WHAT IS BEING ASKED — An exact reprint of every record below is required, with the pictures left out.
===== INPUT DATA
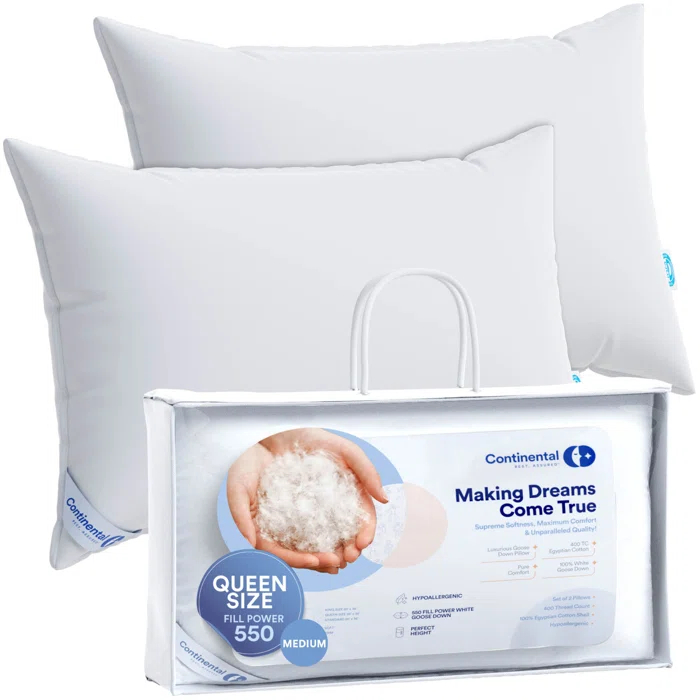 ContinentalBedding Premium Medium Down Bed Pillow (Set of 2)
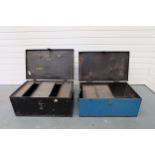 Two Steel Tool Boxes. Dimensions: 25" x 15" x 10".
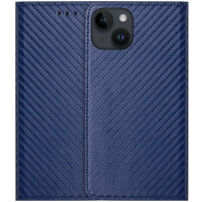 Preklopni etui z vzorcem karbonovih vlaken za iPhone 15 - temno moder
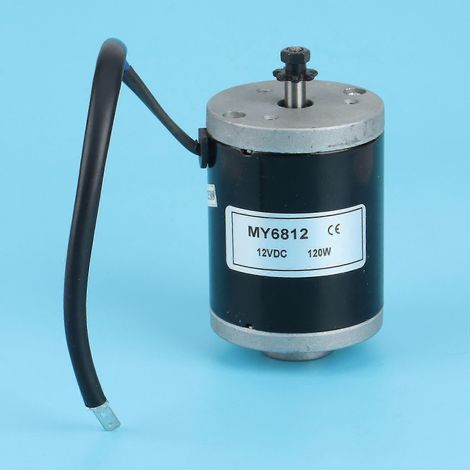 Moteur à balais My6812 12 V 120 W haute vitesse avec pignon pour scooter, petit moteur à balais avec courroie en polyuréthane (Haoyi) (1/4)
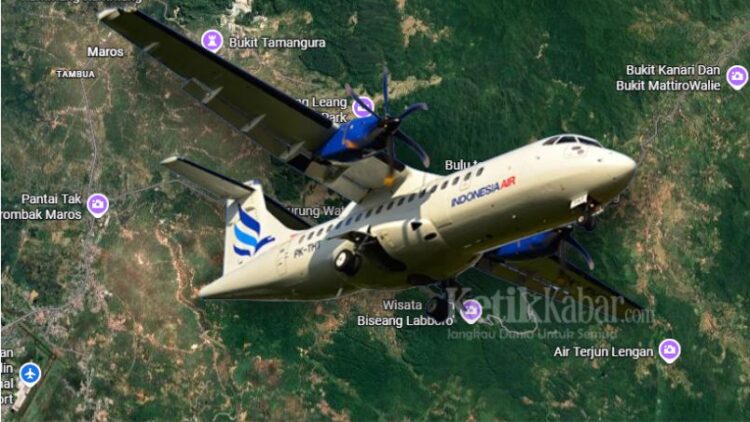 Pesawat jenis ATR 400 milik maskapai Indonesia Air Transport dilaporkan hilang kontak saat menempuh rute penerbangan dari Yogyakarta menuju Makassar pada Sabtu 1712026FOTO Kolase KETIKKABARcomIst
==========
ANSWER SPACE —
 ContinentalBedding Premium Medium Down Bed Pillow (Set of 2)
 Two Steel Tool Boxes. Dimensions: 25" x 15" x 10".
 Preklopni etui z vzorcem karbonovih vlaken za iPhone 15 - temno moder
 Moteur à balais My6812 12 V 120 W haute vitesse avec pignon pour scooter, petit moteur à balais avec courroie en polyuréthane (Haoyi) (1/4)
 Pesawat jenis ATR 400 milik maskapai Indonesia Air Transport dilaporkan hilang kontak saat menempuh rute penerbangan dari Yogyakarta menuju Makassar pada Sabtu 1712026FOTO Kolase KETIKKABARcomIst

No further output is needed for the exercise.